Ask a Question
Frances McEniery (November 1999 AD2000) does not mention how the Magnificat Meal Movement victimised her. Any open-minded visitor will recognise Our Lady's Shrine at Helidon as a holy site. The residents' lives of prayer, fasting, penance and loving obedience to the Holy Father are an inspiring example, as is the reverence at Mass and the various ceremonies.
The Movement's founder, Mrs Debra Geilesky, has been subjected to continual persecution, including attempts on her life, since she started to boldly proclaim the revelations of Our Lord. Despite, and probably because of these persecutions, the Movement has flourished and is now established in over 70 countries.
The continuous persecution is one of the factors that convinced Fr Rene Laurentin that the Movement was worthy of his investigation. "If they persecuted me, they will persecute you" (John 15:20).
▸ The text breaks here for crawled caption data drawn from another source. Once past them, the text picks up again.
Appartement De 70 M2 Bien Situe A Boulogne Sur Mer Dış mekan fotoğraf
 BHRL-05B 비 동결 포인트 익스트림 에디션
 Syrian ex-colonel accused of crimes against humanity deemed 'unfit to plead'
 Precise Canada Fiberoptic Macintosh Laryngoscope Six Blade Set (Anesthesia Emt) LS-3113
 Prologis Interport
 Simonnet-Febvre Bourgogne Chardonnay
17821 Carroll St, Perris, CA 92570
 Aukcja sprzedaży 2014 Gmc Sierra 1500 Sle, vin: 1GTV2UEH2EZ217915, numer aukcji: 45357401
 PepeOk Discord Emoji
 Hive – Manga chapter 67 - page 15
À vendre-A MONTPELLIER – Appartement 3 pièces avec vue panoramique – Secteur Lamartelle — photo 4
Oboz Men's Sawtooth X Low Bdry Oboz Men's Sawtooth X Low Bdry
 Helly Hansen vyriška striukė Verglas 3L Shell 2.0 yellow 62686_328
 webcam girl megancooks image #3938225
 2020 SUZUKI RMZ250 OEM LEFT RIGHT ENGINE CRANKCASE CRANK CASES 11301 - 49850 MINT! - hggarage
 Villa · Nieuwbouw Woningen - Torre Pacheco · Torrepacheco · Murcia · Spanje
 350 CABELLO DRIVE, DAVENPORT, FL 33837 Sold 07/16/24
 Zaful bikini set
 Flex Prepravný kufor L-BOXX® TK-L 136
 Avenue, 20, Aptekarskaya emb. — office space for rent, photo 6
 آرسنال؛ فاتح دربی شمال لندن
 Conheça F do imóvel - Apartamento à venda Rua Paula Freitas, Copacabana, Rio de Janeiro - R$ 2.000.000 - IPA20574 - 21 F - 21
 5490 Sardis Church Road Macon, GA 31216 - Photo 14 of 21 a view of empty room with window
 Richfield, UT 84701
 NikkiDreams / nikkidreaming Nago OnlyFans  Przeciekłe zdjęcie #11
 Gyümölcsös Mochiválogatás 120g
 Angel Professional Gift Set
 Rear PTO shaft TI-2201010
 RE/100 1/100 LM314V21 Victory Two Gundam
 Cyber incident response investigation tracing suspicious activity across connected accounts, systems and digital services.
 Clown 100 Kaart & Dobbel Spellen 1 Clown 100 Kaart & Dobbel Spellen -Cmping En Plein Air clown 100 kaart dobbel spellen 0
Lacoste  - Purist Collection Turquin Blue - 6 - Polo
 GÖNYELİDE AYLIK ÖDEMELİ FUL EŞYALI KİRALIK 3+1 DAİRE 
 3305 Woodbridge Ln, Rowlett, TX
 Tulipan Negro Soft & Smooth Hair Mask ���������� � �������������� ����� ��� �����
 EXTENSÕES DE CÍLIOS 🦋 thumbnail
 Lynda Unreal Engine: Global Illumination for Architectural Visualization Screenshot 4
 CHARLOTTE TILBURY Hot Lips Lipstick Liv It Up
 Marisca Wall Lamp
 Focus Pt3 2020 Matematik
Father Laurentin is an expert on visionaries and private revelations, and author of 150 books. I saw a videotape of his address endorsing the Movement that he made after travelling from Switzerland to conduct his investigation.
The actual number of members is unknown, as there are no application forms, joining or annual fees. The Movement exists mainly on donations and sales from the book shop, but there is no pressure on anyone to give. The attitude to financial management is that if members concentrate on God's work, the Lord will provide.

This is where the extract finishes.